Medine döneminde inmiştir. 176 âyettir. Sûre, özellikle kadın haklarından, onların hukûkî ve sosyal konumlarından bahsettiği için bu adı almıştır. “Nisâ” kadınlar demektir.


وَإِذَا جَاءهُمْ أَمْرٌ مِّنَ الأَمْنِ أَوِ الْخَوْفِ أَذَاعُواْ بِهِ وَلَوْ رَدُّوهُ إِلَى الرَّسُولِ وَإِلَى أُوْلِي الأَمْرِ مِنْهُمْ لَعَلِمَهُ الَّذِينَ يَسْتَنبِطُونَهُ مِنْهُمْ وَلَوْلاَ فَضْلُ اللّهِ عَلَيْكُمْ وَرَحْمَتُهُ لاَتَّبَعْتُمُ الشَّيْطَانَ إِلاَّ قَلِيلاً ﴿٨٣﴾


Ayet Transkripsiyonu ve Sade Meali

ve izâ câe-hum emrun min el emni ev el havfi ezâû bi-hi ve lev reddû-hu ilâ er resûli ve ilâ uli el emri min-hum le alime-hu ellezîne yestenbitûne-hu min-hum ve lev lâ fadlu allâhi aleykum ve rahmetu-hu le itteba'tum eş şeytâne illâ kalîlen
söz öbeklerinin üzerine farenizi sürükleyerek çevirilerini görebilirsiniz.
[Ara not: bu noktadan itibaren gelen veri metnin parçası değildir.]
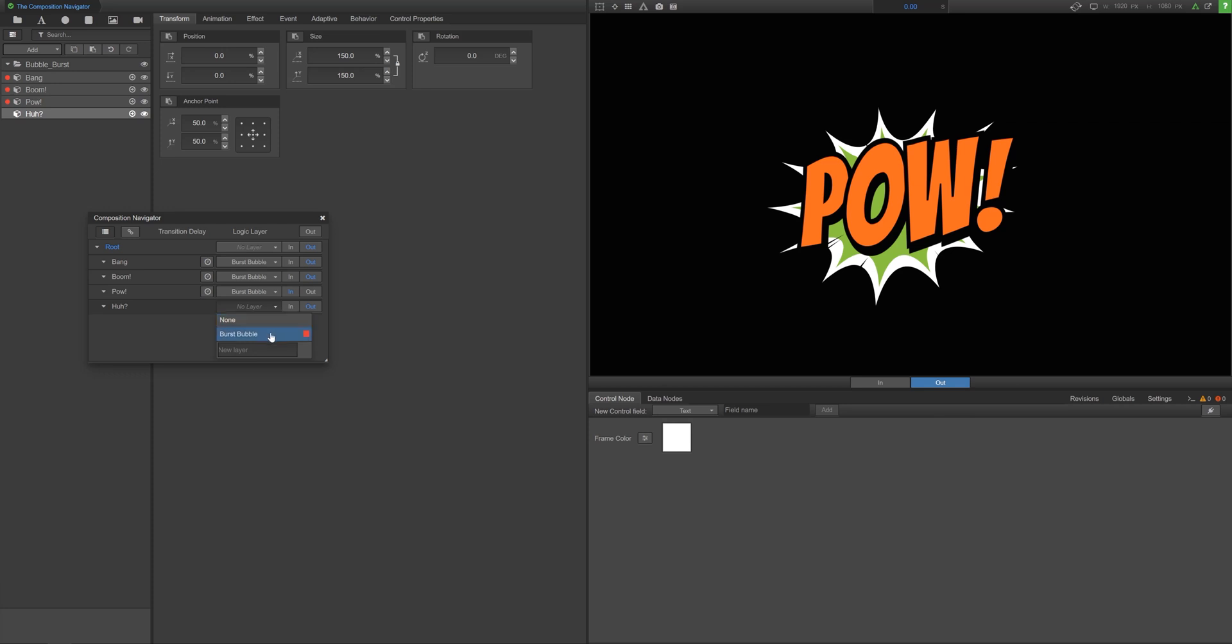Subcompositions can be assigned to new or existing logic layers. Simply select the relevant layer from the drop-down menu or type in a name to create your own.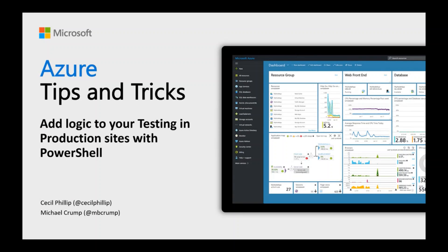Learn how to add logic to your testing and production sites with PowerShell in this edition of Azure Tips and Tricks.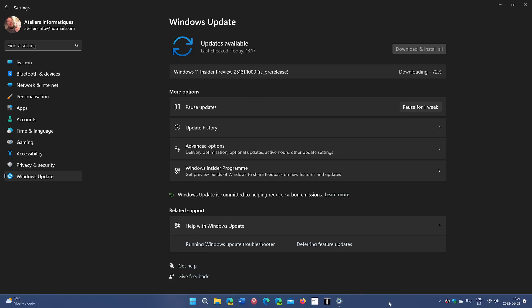Welcome to the Windows Computer and Technology Channel. We have a new build in the dev channel. If you are an insider in the dev channel, we now have build 25131 that is available for download and install.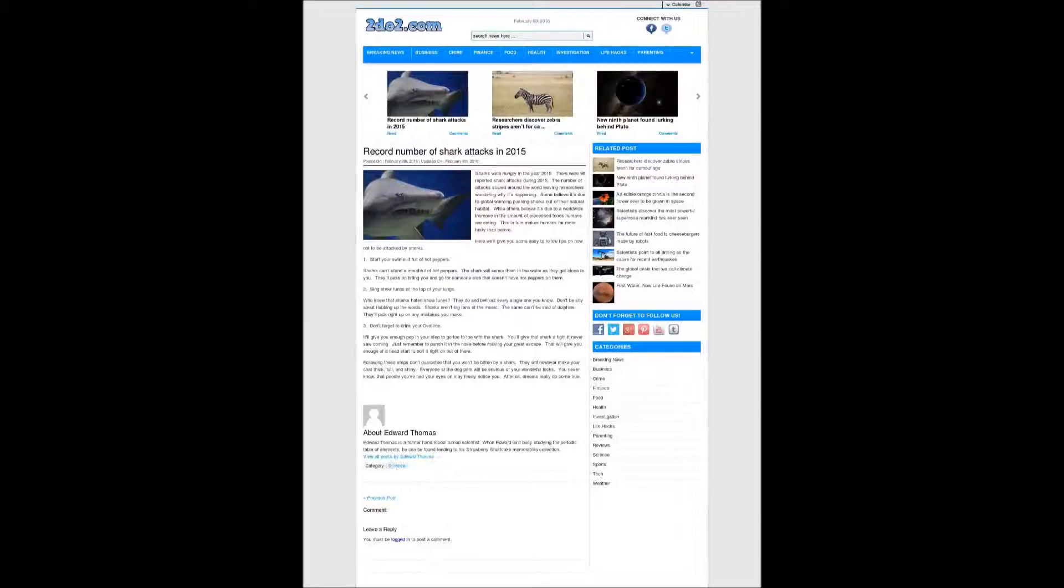Sharks were hungry in the year 2015. There were 98 reported shark attacks during 2015. The number of attacks soared around the world, leaving researchers wondering why it's happening.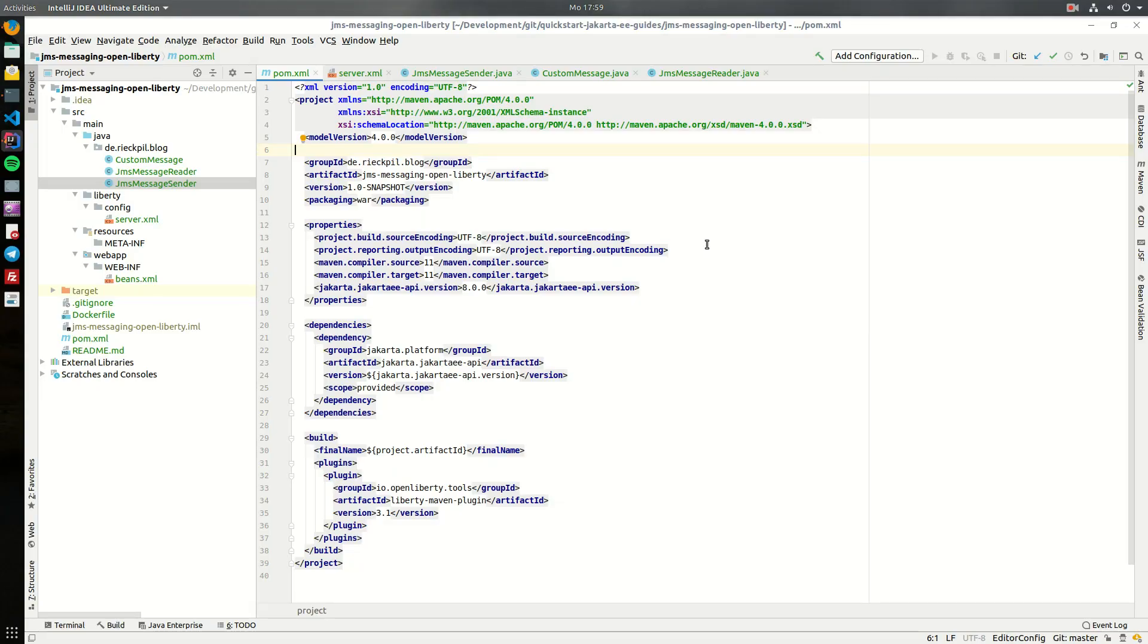Welcome to this new Jakarta EE quick start guide. In this tutorial I will give you an introduction for the Jakarta messaging specification.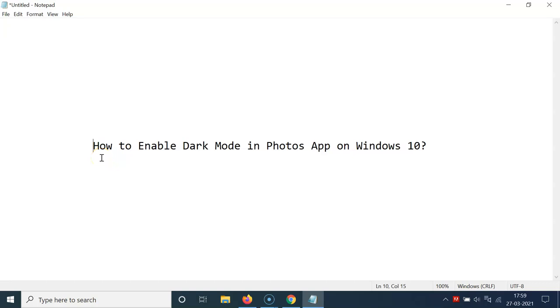Hi guys, in this video I will show you how to enable dark mode in Photos app on Windows 10. Let's start.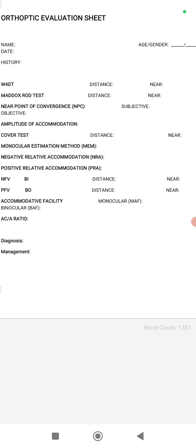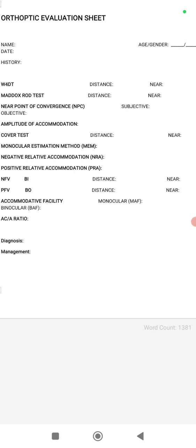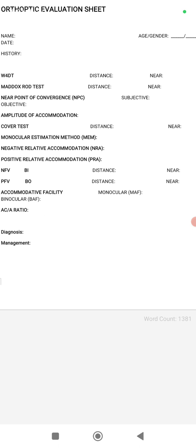Now you can calculate the AC/A ratio using the heterophoria method, which requires your Maddox rod test distance and near values, your working distance, and the IPD. Compare all the accommodative parameters and if there are any discrepancies, the patient is having an accommodative anomaly. If there are discrepancies in vergence parameters — convergence or divergence problems — you can come to the diagnosis and then manage the case accordingly. Thank you.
Çevirileri tablo halinde görmek için buraya tıklayın
Kelime Türkçe karşılığı
ve ve
izâ câe-hum onlara geldiği zaman
emrun bir emir, iş, durum, haber
min ...'den
el emni eminlik, güvenlik
ev veya
el havfi korku
ezâû açıkladılar, ifşa edip yaydılar
bi-hi onu
ve lev ve eğer, olsa
reddû-hu onu ilettiler
ilâ ...'e
er resûli resûl, elçi
ve ilâ ve ...'e
uli el emri emir sahipleri, Allah'tan emir alanlar
min-hum onlardan, kendilerinden
le alime-hu mutlaka onu bilirlerdi
ellezîne onlar, olanlar
yestenbitûne-hu onun (o işin) batınını, iç yüzünü, gerçeğini araştırırlar
min-hum onlardan, onların arasından
ve lev lâ ve eğer olmasaydı
fadlu fazlı
allâhi Allah
aleykum sizin üzerinize
ve rahmetu-hu ve onun rahmeti
le elbette, mutlaka
itteba'tum tâbî oldunuz, uydunuz
eş şeytâne şeytan
illâ hariç
kalîlen biraz, pek az

Ve onlara emniyet veya korku haberi geldiği zaman onu açıklarlar (yayarlar). Ve eğer, onu (o haberi) Resûl'e ve kendilerinden olan ulûl emre iletselerdi (herkese açıklamasalardı), onlardan, onun (o haberin) iç yüzünü araştıranlar mutlaka (gerçeği) bilirlerdi.Ve Allah'ın fazlı ve rahmeti üzerinize olmasaydı, pek azınız hariç mutlaka şeytana uyardınız.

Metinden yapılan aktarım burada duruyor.